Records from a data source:
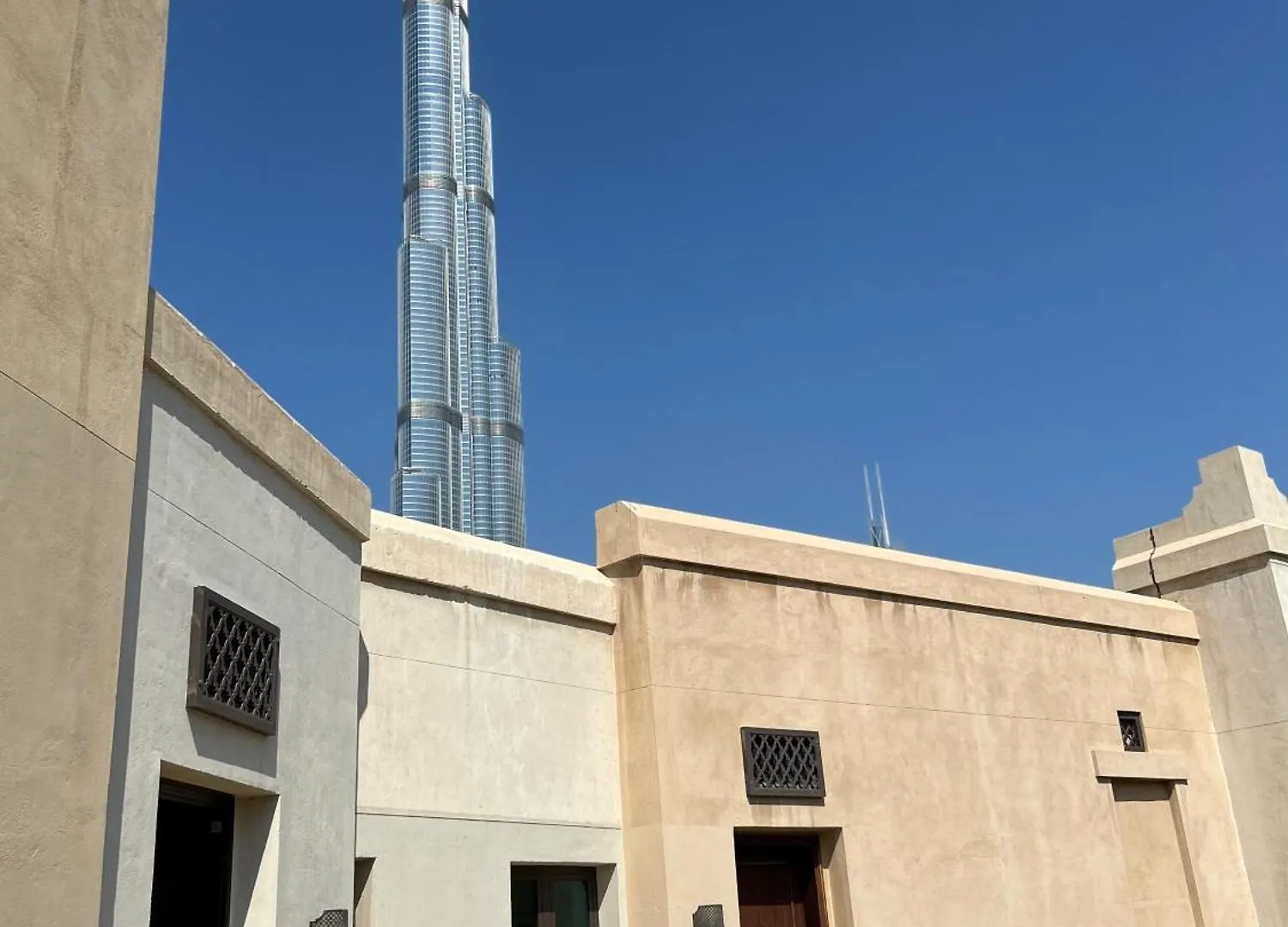 Dubai Mall Aparment 0*,  Emiratos Árabes Unidos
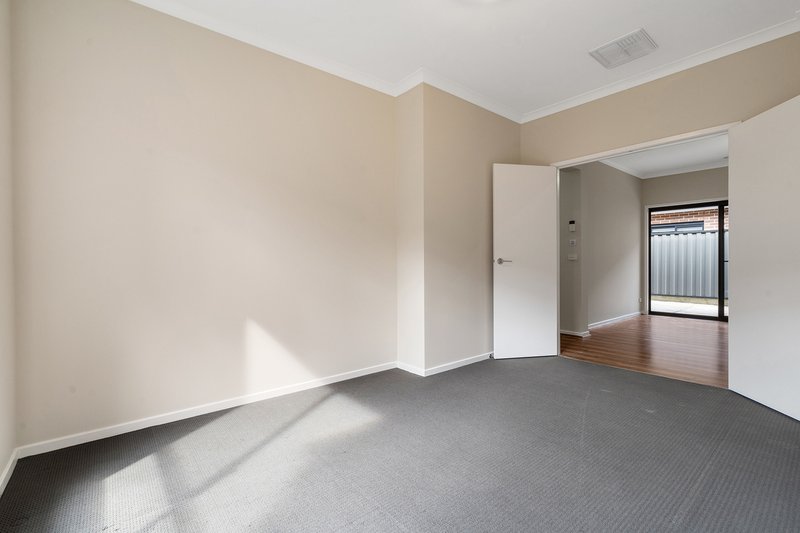 Photo - 85 Biltmore Crescent, Roxburgh Park VIC 3064 - Image 9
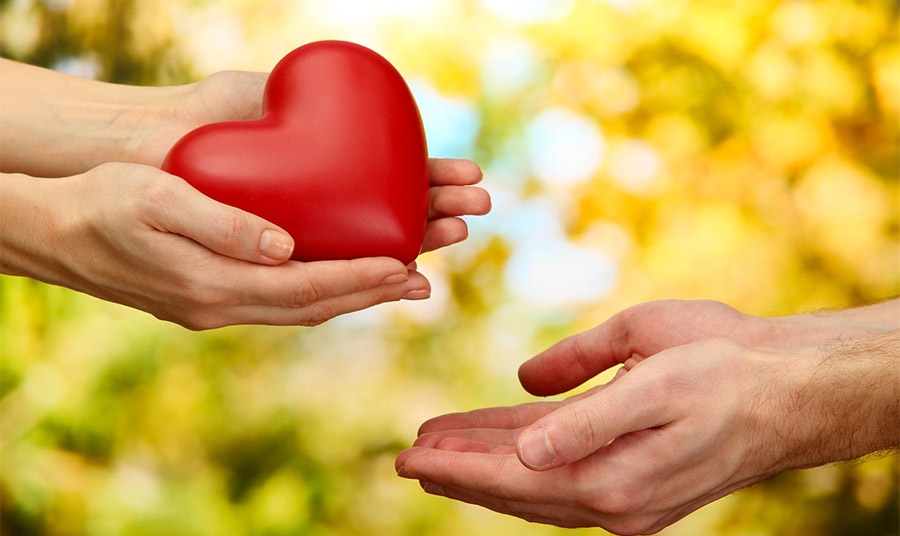 Δύο σημάδια ότι «δίνετε υπερβολικά πολλά» στην ερωτική σχέση σας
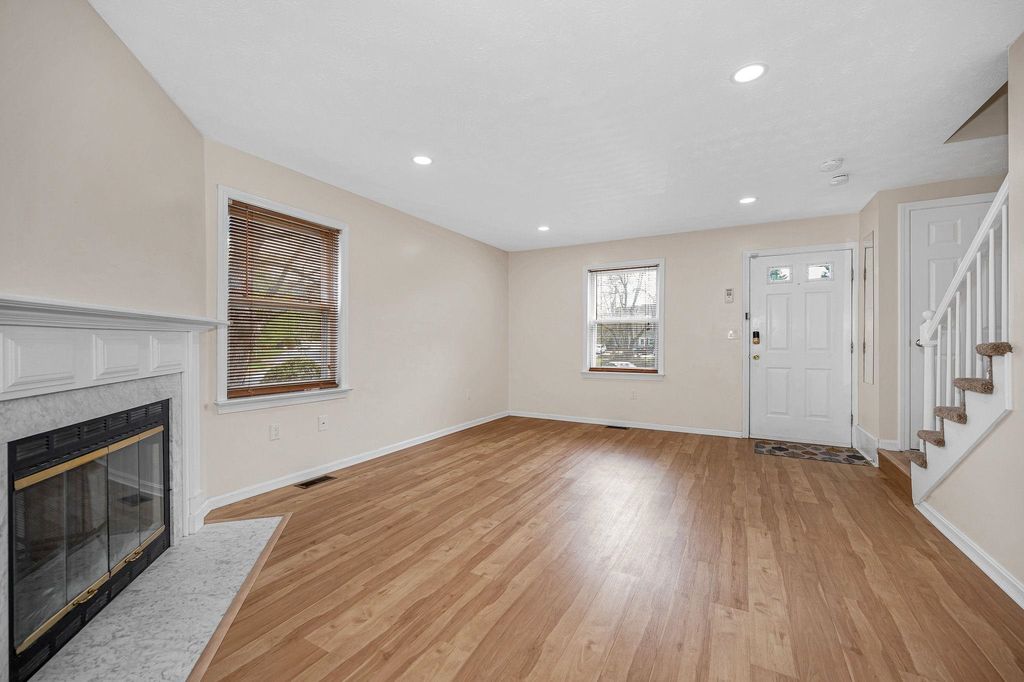 Photo of 64 Cadogan Way, Nashua, NH 03062 (MLS # 5085791)
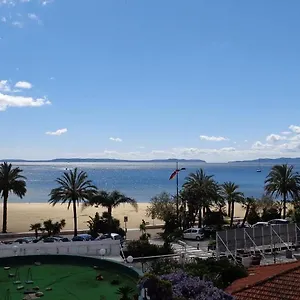 L'ilot Fleuri Le Lavandou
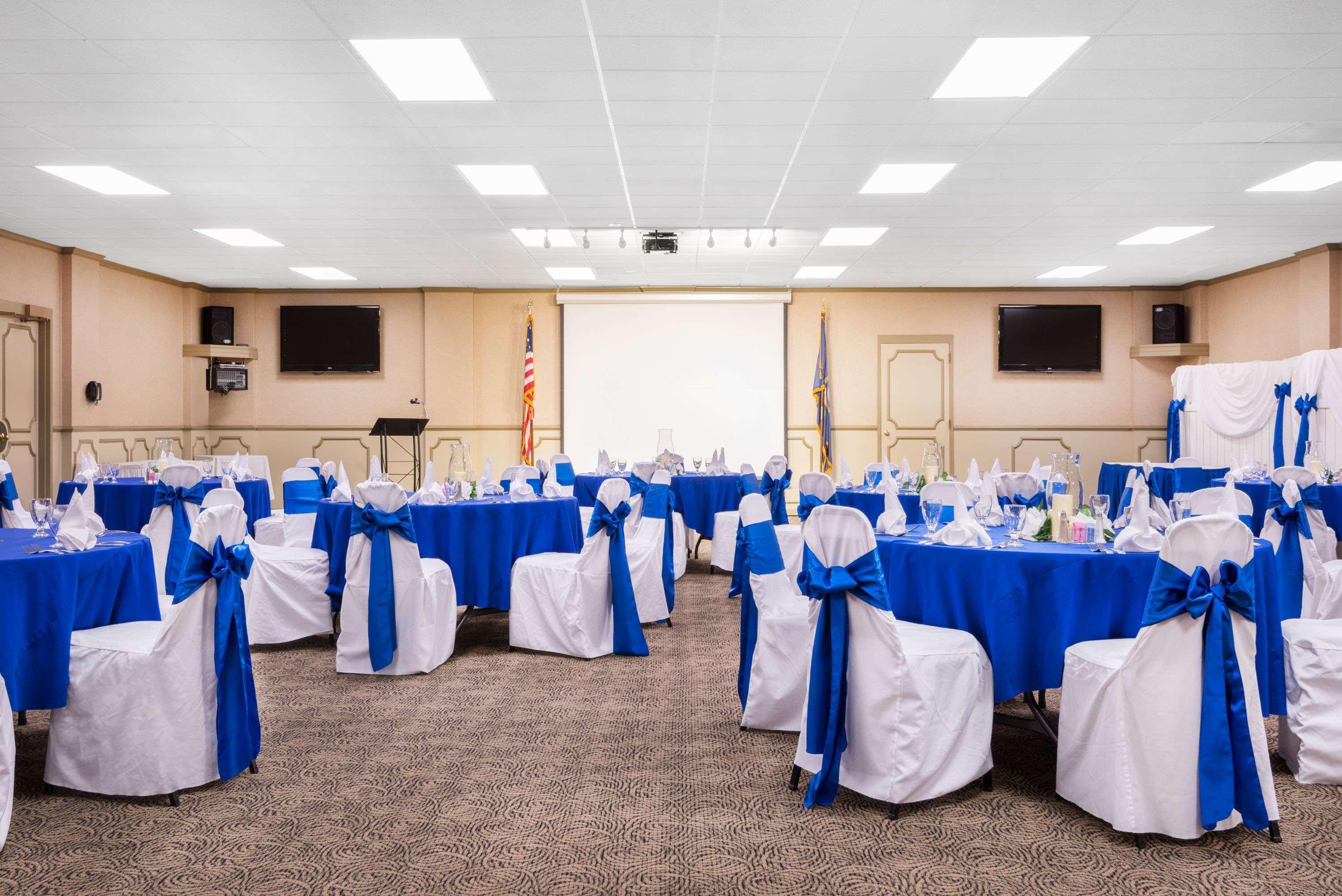 Ramada By Wyndham Paintsville Hotel & Conference Center Kültér fotó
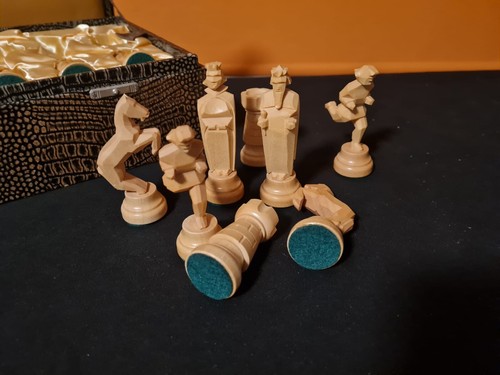 Antike geschnitzte Holz Schachfiguren - Bild 12 von 22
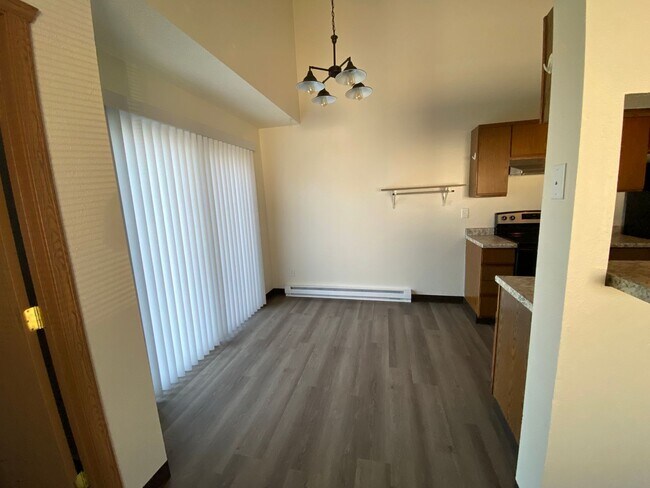 Foto del edificio - Updated Spacious 3 bed, 1 bath West Fargo.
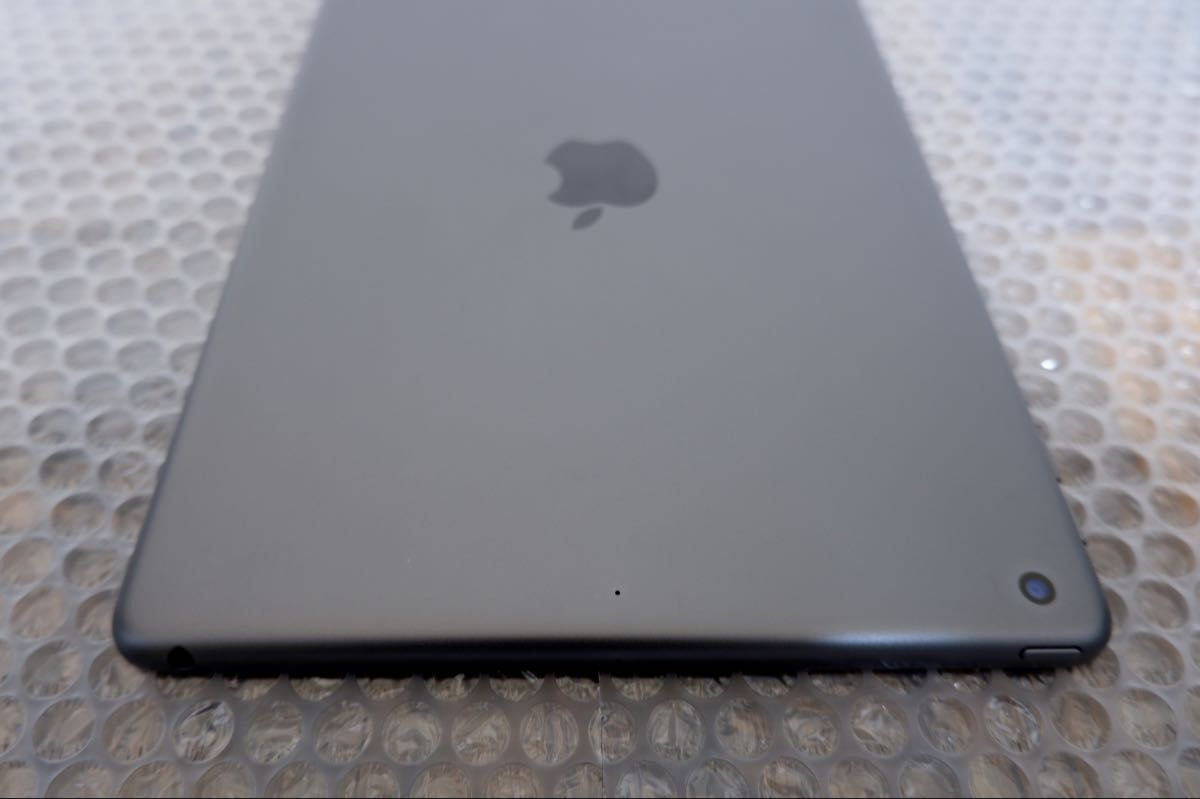 美品 iPad 第8世代 32GB Wi-Fiモデル スペースグレイ 未使用 美品 iPad 第8世代 32GB Wi-Fiモデル スペースグレイ 未使用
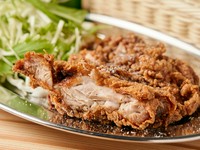 ザンタレなしでも食べられる少し濃い目の塩味をつけて揚げたザンギです。ザンギをお召し上がりいただいたなら次はこちらもお召し上がりください。
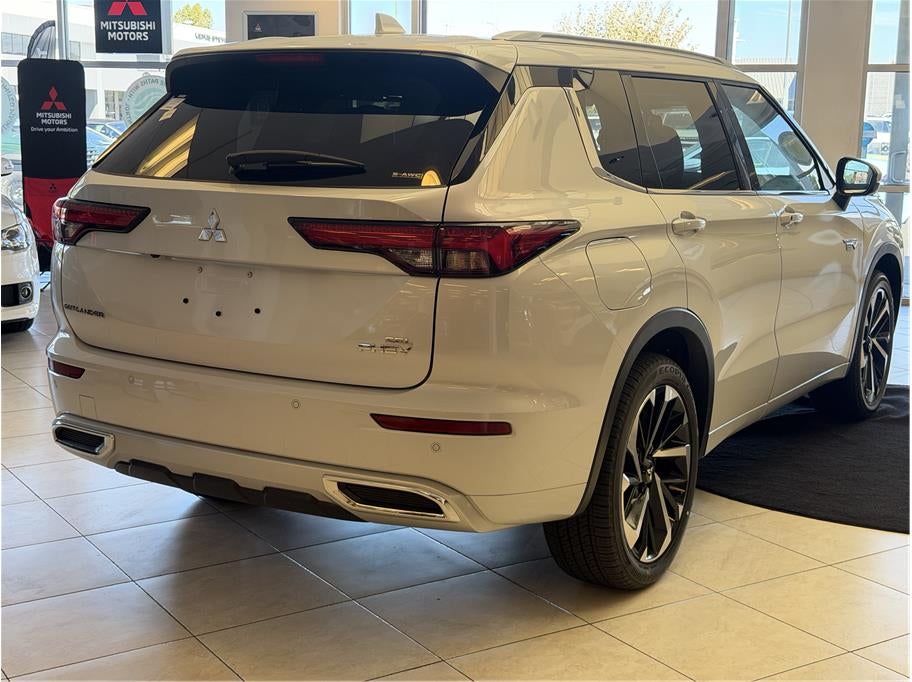 2025 Mitsubishi Outlander PHEV SEL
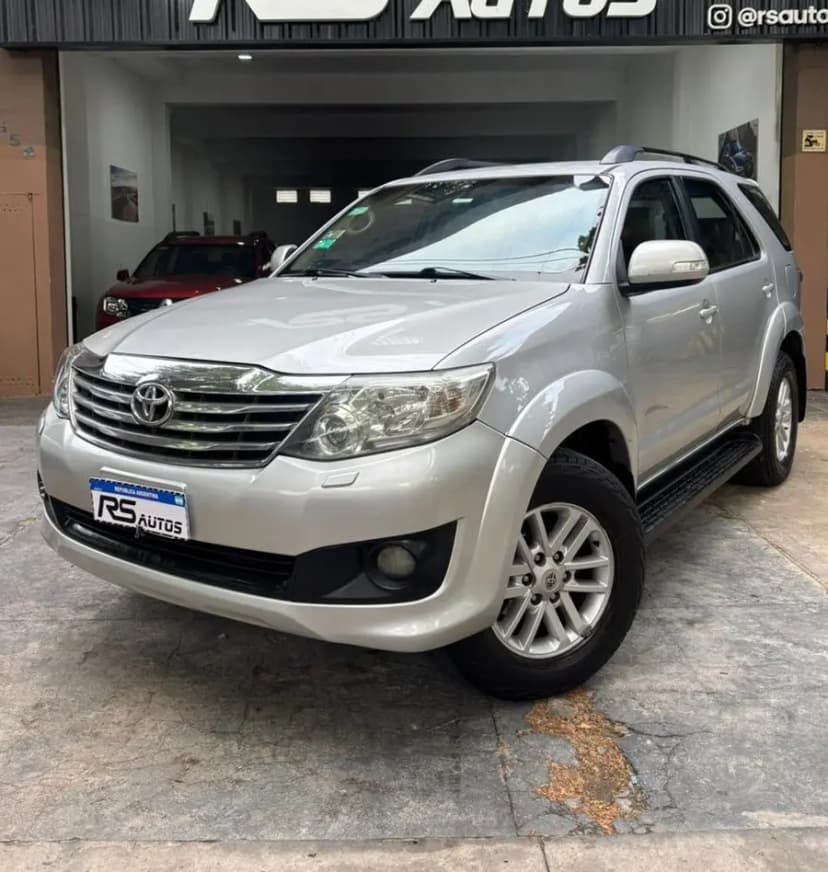 Toyota Hilux SW4 2.7 Srv Cuero Vvti 4x2 4at 7 Asientos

- _ACTIVITY_
Where pictures appear, omit them, and transcribe exactly, with nothing else, the lines from the line with "ザンタレなしでも食べられる少" through the final line of the records above, both ends included.

- _THE COMPLETED TASK_
 ザンタレなしでも食べられる少し濃い目の塩味をつけて揚げたザンギです。ザンギをお召し上がりいただいたなら次はこちらもお召し上がりください。
 2025 Mitsubishi Outlander PHEV SEL
 Toyota Hilux SW4 2.7 Srv Cuero Vvti 4x2 4at 7 Asientos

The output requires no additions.